Nel 1803, dodicenne, segue un Corso di Nudo nella vecchia Accademia e, sotto la guida di Lattanzio Querena, comincia ad usare i colori; tre anni dopo viene ammesso ai corsi di pittura della Nuova Accademia di Belle Arti, appena costituitasi: il suo maestro di figura è Teodoro Matteini, pittore preromantico, famoso come ritrattista, parzialmente influenzato dalla pittura inglese contemporanea.

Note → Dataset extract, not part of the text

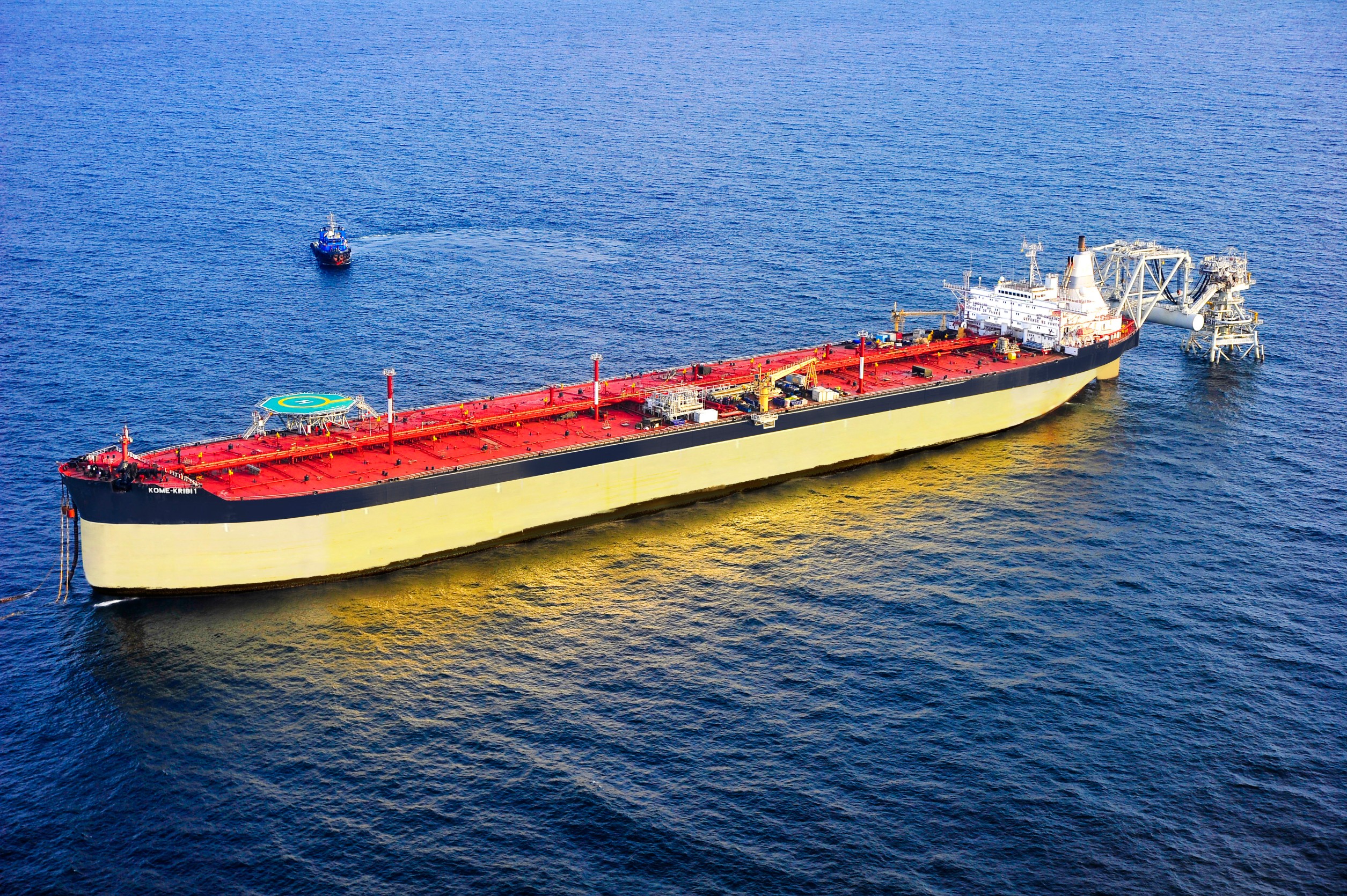 中油在查德開採石油，95萬桶原油將在12月初運回台灣。 (中油提供)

Nel 1809 partecipa ad un concorso per tre posti di allievi a Roma, indetto dall’Accademia di Venezia. Il concorso è affollato, ma Francesco vince il premio consistente in tre anni di studi a Roma. Francesco Hayez a Roma vive come in un bosco incantato: visita tutto ciò che è visitabile, copia di tutto, specialmente gli affreschi di Raffaello nelle stanze Vaticane. A Tivoli, a pochi Kilometri da Roma, prende alloggio nel tempio della Sibilla e riempie blocchi con schizzi dei ruderi antichi.
Fa amicizia con altri pittori che diventeranno famosi come Pinelli ed Ingres e Antonio Canova lo prende a benvolere diventa il suo principale protettore.

Nel 1813, anche se il soggiorno di studio è terminato si ferma a Roma dove vince un premio di nudo e comincia a dipingere su commissione.

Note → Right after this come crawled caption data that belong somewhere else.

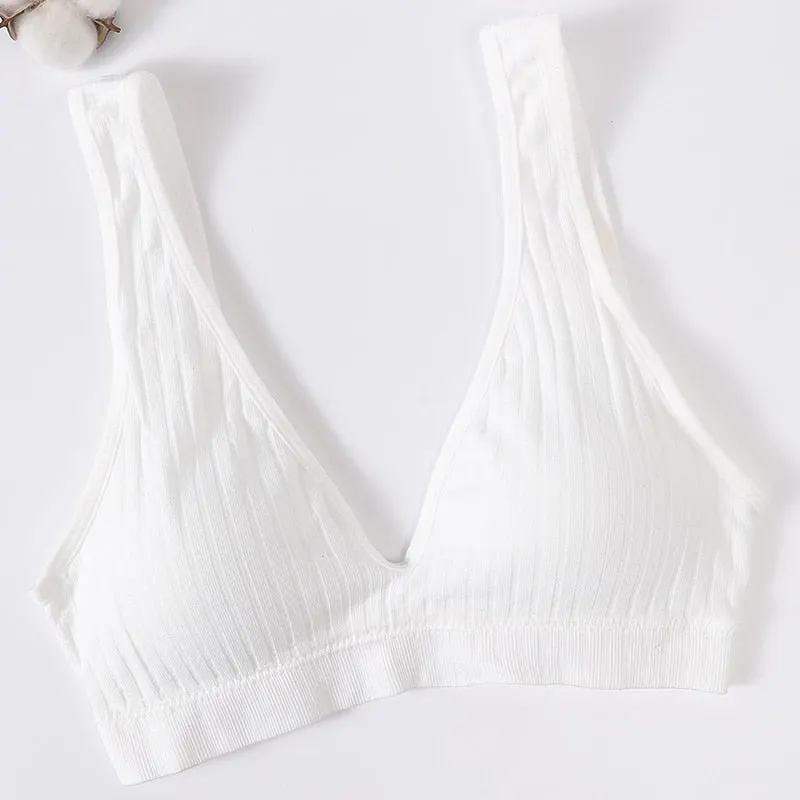 Seamless Bra Sports Bras For Women Plunge Bra Top Female Brassiere Deep V Sexy Women's Underwear Backless Bralette Lingerie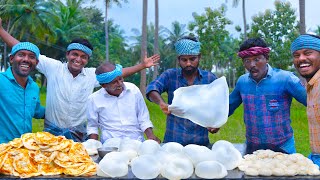 PAROTTA  Soft Layered Paratha Recipe Cooking In Village  Homemade Parotta Recipe Without Egg [upl. by Bethina]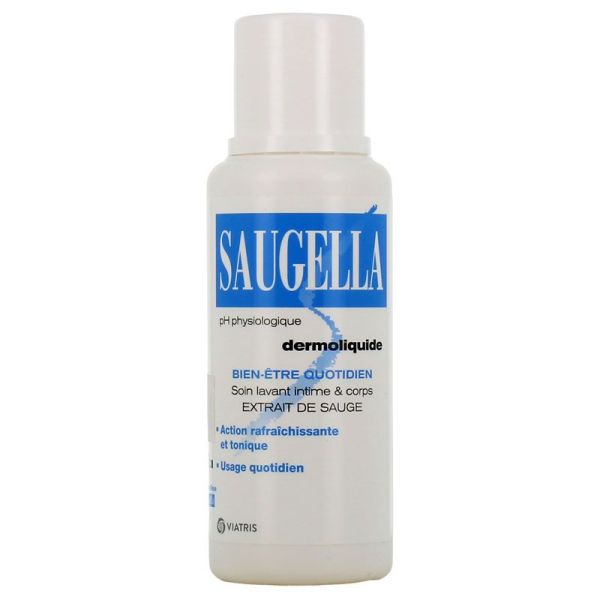 Saugella Dermoliquide soin lavant intime & corps à l'extrait de sauge (250 ml)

Le opere giovanili di Hayez seguono il gusto moderato e popolare del tempo, vicino anche nello stile, agli influssi classicheggianti di Canova e Ingres, oltre a quelli dei maestri rinascimentali a metà tra il distacco neoclassico e l’inclinazione sentimentale. Nella scelta dei soggetti Hayez propone temi moderni collocati in contesti medioevali, ispirati alla storia nazionale, alla letteratura, al teatro, inserendo chiari messaggi patriottici.

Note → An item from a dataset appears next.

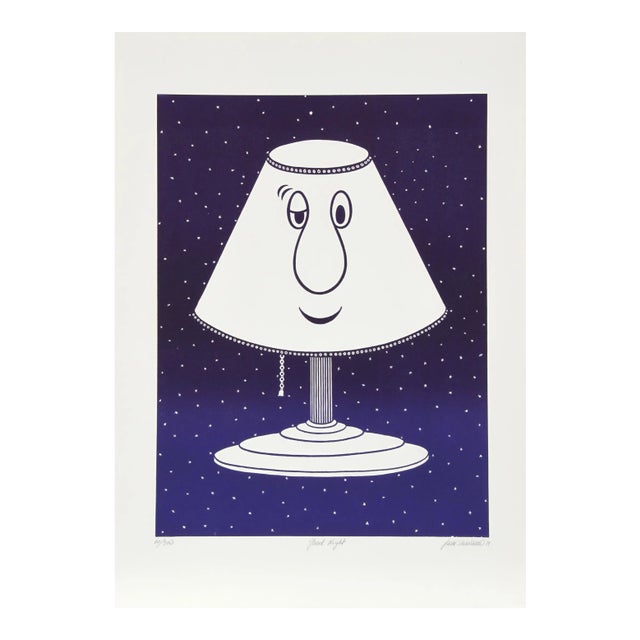 "Good Night", 1979, Aquatint Etching by Jean Sariano For Sale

Nel 1817 sposa a Roma Vincenza Scaccia appartenente ad una ricca famiglia borghese e comincia a viaggiare per l’Italia del Nord dove affresca case patrizie.

Nel 1820 espone a Milano, conoscere i protagonisti della vita milanese e ne ricava numerose commissioni, vive a Venezia dove organizza un proprio studio dove prepara quadri per le esposizioni che terrà ancora a Milano.

Nel 1822, nominato supplente per due anni all’Accademia di Brera, si trasferisce con la famiglia a Milano dove i suoi lavori, compresi gli affreschi di Palazzo Reale, gli danno una notevole fama che gli porterà la nomina a Socio Corrispondente dell’Accademia delle Belle Arti di Napoli nel 1831, eletto membro dell’Accademia di Vienna e ricevuto dall’Imperatore e da Metternich nel 1836, Accademico Ordinario di Brera nel 1838.

Nel 1840, va a lavorare a Napoli, impegnato dal principe di Sant’Antimo. Alla moglie, rimasta a Milano, scrive lettere affettuose nelle quali racconta di come ai principi in questione piaccia la sua “finitezza, questa mia delicatezza di cui io stesso mi compiaccio”.
Le composizioni cromatiche dei suoi dipinti sono studiate su accostamenti molto gradevoli e accattivanti, la combinazione dei colori segue regole rigorose, calibrati sempre secondo principi di equilibrio visivo impeccabile.

Ma accanto alle scelte di carattere estetico, i colori di Hayez sono spesso veicolo di messaggi politici, assumendo una specifica funzione simbolica: sono frequenti le allusioni al tricolore, che declamano l’unità d’Italia, tra i sui personaggi storici o biblici si possono riconoscere i volti di noti esponenti politici sostenitori del Risorgimento.

Nel 1855 assume la direzione interinale dell’Accademia di Brera, nel 1860 viene nominato professore dell’Accademia di Bologna, gli viene affidata la direzione di Brera e comincia a sentire il peso degli incarichi.

Nel 1867 rinuncia alla nomina di giurato all’esposizione internazionale di Parigi perché, come scriverà, è vicino agli ottant’anni e di salute cagionevole, deve restare accanto alla moglie, da due anni molto malata.

Nel 1868 è nominato cavaliere dell’Ordine Civile dei Savoia e nel 1869 muore la moglie Vincenza, da lui sempre chiamata affettuosamente Cencia.

Nel 1873 adotta Angiolina Rossi, nubile, nata nel 1841. Dona alcune delle sue opere a Brera, fa un ultimo viaggio a Napoli, visita ancora una volta Roma, Pisa e Genova.

Muore il 21 dicembre del 1882, carico di anni e di onori.

Nel 1890, nella piazzetta di Brera, viene inaugurato il suo monumento, opera dello scultore Francesco Barzaghi.

Nel 1934 Milano gli dedica una grande mostra al Castello Sforzesco, esponendo 98 dipinti del pittore, mentre le sue opere hanno preso posto nei migliori musei del mondo.